株価急落を受けて緊急に用意した声明のため本文が短いが、この時点でUALはSun Sentinelが過去の記事の日付を最新のものへと変更して掲載したことがすべての元凶であると認識していることがわかる。

Googleによる記事のクローリングまでの過程分析

Googleから現時点で正式なアナウンスは出ていないため、米Wall Street Journalの10日付の紙面に掲載されたニュースを基に、Google側の分析結果を追っていこう。

同紙によれば、Googleが問題の記事をクロールしたのは6日の夜だったという。同日午後10時36分(PDT: 西海岸時間)にGoogleクローラーがSouth Florida Sun SentinelのWebサイトの「Popular Stories: Business(人気記事: ビジネス)」の項目に新しいリンクを発見した。このリンク先のページこそが2002年のChicago Tribuneの記事で、直前のクロール日時である午後10時17分には発見できなかったものだったという。なぜこの記事が人気記事としてランキングに出現したかは不明だ。

このWSJの記事の配信時点ではTribuneからの正式声明はまだ出ていないが、Tribune関係者からのコメントとして、6日夕方あたりからトラフィックが増え始めたことを確認していたと紹介している。またWSJの記事の中では、投資家らの声として、UALの財務状況への不安を煽るためにWebのトラフィックを操作したのではないか、という噂があることにも言及している。そしてSun Sentinel側の問題として、Chicago Tribuneから配信された記事に"配信日が入っていなかった"ことが問題を大きくしたとも指摘している。

「記事リンクの誤掲載はGoogle Newsに起因する問題」とTribune

こんどは10日夜になり、Tribune側から正式見解が発表された。それによれば、Sun SentinelがChicago Tribuneの記事を再掲載したという事実はなく、問題の記事はSun Sentinelが以前より掲載していた記事が手つかずで残っていたものだという。そのためURLの変更もなく、当初UALなどから指摘されていた誤報という事実は存在しないというものだ。唯一の違いは、その過去記事が人気記事としてランキングに出現したことだけで、それをGoogleがクローラーで拾ったのがすべての始まりだというのだ。

Tribuneがアクセスログの検査を行ったところ、9月7日午前1時0分34秒(EDT)つまり西海岸時間で6日午後10時0分34秒(PDT)に同ページに対する1件の訪問記録が確認されたという。

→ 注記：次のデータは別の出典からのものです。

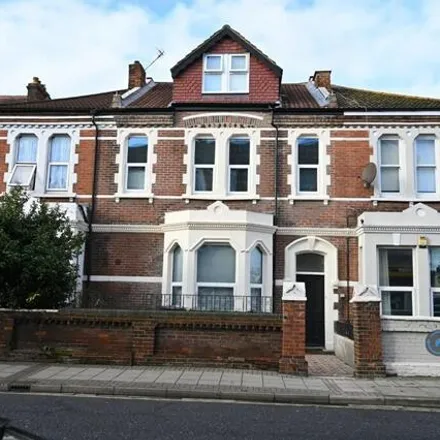 Image 3 - Premier, 56 Victoria Road North, Portsmouth, PO5 1PZ, United Kingdom - House for rent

通常、このような深夜にはビジネス分野の記事に対するアクセスはほとんどないため(地元紙が拠点にするフロリダは深夜1時)、これが結果として「Popular Stories Business: Most Viewed(ビジネスの人気記事: 最も見られたもの)」のタブにリンクとして出現したと分析している。その後、7日1時36分3秒(EDT)にフライトのキャンセルに関する航空会社のポリシーに関する記事がSun Sentinelで閲覧され、「Popular Stories Business: Most Viewed」のタブを経由して当該の記事へとジャンプするリンクがクリックされたことを確認している。Tribuneが"Googlebot"と呼ぶGoogleクローラーが到着したのがその52秒後のことで、再びSun Sentinelのサイトと当該記事をクロールしていったという。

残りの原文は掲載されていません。